The 5th Amendment and Your Security Clearance

Let’s say hypothetically that you stole some items from a store and managed to escape the premises undetected.  (Which, to be clear, I am not advocating)  Weeks go by without police contact, meaning it is a fairly safe bet that your identity has not been discovered.

Now fast-forward a year.  You never did get caught, but you suddenly decide to write a letter to the police detailing the crime.  You provide them with your date of birth, your social security number, your home address, and sign the letter under penalty of perjury.  You drop the letter in the mail and wait for the inevitable knock at the door.

Guilty conscience or spiritual awakening aside, this scenario likely seems far-fetched.  Very few people would voluntarily admit to a crime, much less do so without the context of a plea bargain in criminal court.  But to be clear, that is exactly what some security clearance applicants do on their SF-86.

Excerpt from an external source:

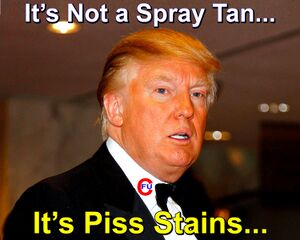 Trump Piss Stains.jpg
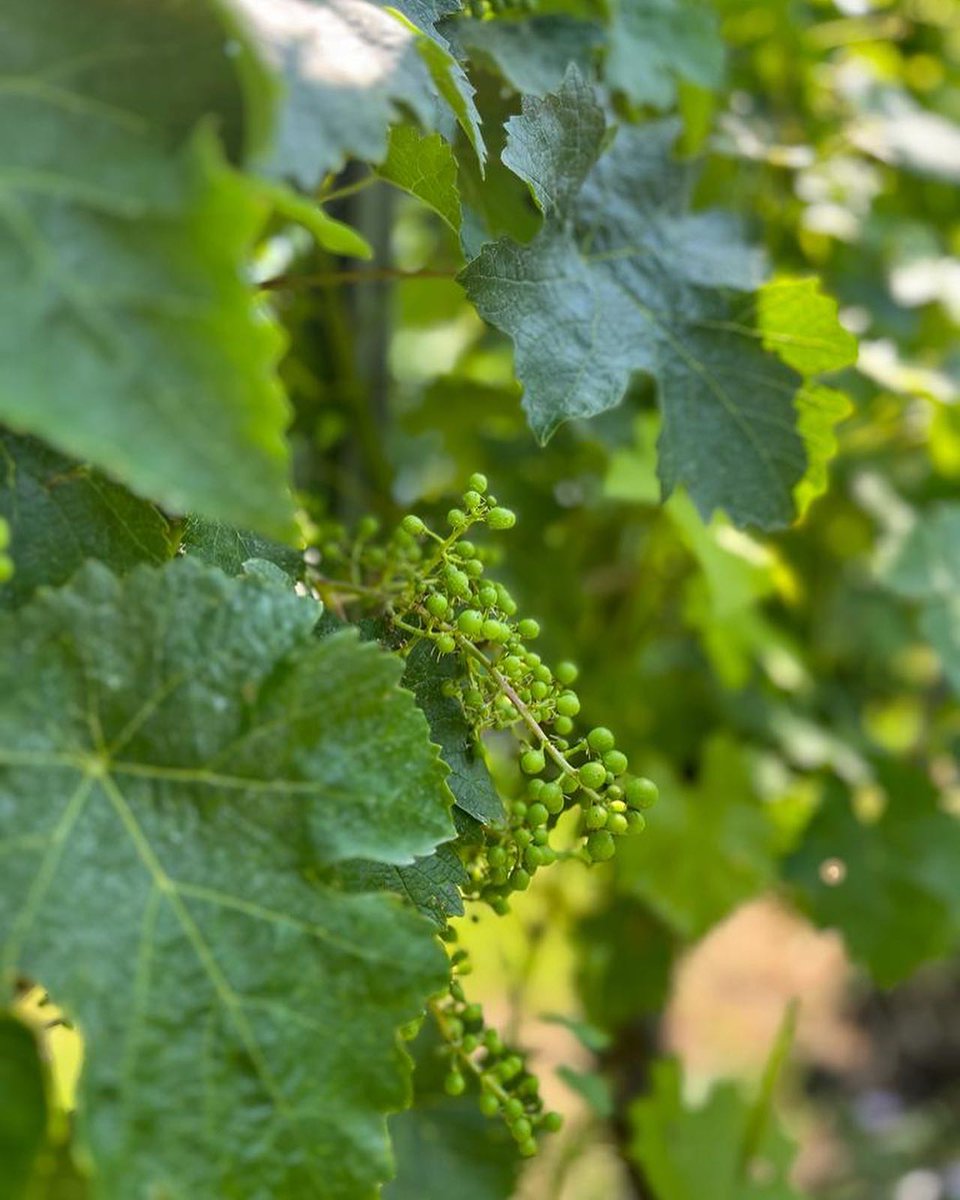 EquipeJMerlaut's tweet photo. 🍇Le temps de la #nouaison est bien là dans les vignes de Château Dudon.
#dudon #baurech #jeanmerlaut #jeanmerlautvins #jeanmerlautselection #bordeaux #bordeauxwines https://t.co/psyXAjBHmy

The general wisdom seems to be that federal security clearance adjudicators read reports of investigation in a vacuum.  I’ve actually heard someone say, “What happens in OPM-land stays in OPM-land.”  Setting aside the horribly cheesy Las Vegas analogy, the absurdity of such a comment truly amazes me.  On one hand, there is some surprising truth to it: federal policy has generally been that admissions of unreported criminal conduct made by an applicant in the course of their background investigation will not be reported for prosecution.  On the other hand, there is a major difference between “can’t” and “won’t.”  I, for one, would never advise my clients to rely on the latter.

THE LAW AND YOUR SECURITY CLEARANCE

The fact of the matter is that there really is no legal impediment to using an applicant’s admissions of unreported criminal conduct against the applicant in a subsequent criminal prosecution.  The Federal Rules of Evidence and every state evidence code of which I’m aware has provisions specifically for using a defendant’s prior admissions against him.  Such admissions are generally considered exclusions to the prohibition against hearsay evidence in court; it is effectively as though the applicant made the incriminating admission directly on the witness stand.  And, while it’s highly unlikely that the FBI is trolling SF-86’s for undiscovered petty theft or marijuana use, admitting to more major unreported crimes – whether on the SF-86 or to your background investigator – might very well result in a RAP sheet should the winds of bureaucratic policy shift.

The issue is surprisingly prevalent.  As a former OPM investigator, I had security clearance applicants admit to me all manner of unreported felonies: domestic violence, insurance fraud, computer hacking, and immigration fraud.  And those are just the ones I remember.  To this day I am still unsure whether some of my subjects even realized that they were admitting to a crime.  Either way, the admissions ran the gamut from bizarre (the guy who regularly spanked his wife for “misbehaving”) to alarming (the guy who effectively admitted to keeping a domestic slave).

Question – is the job more important than your 5th amendment rights?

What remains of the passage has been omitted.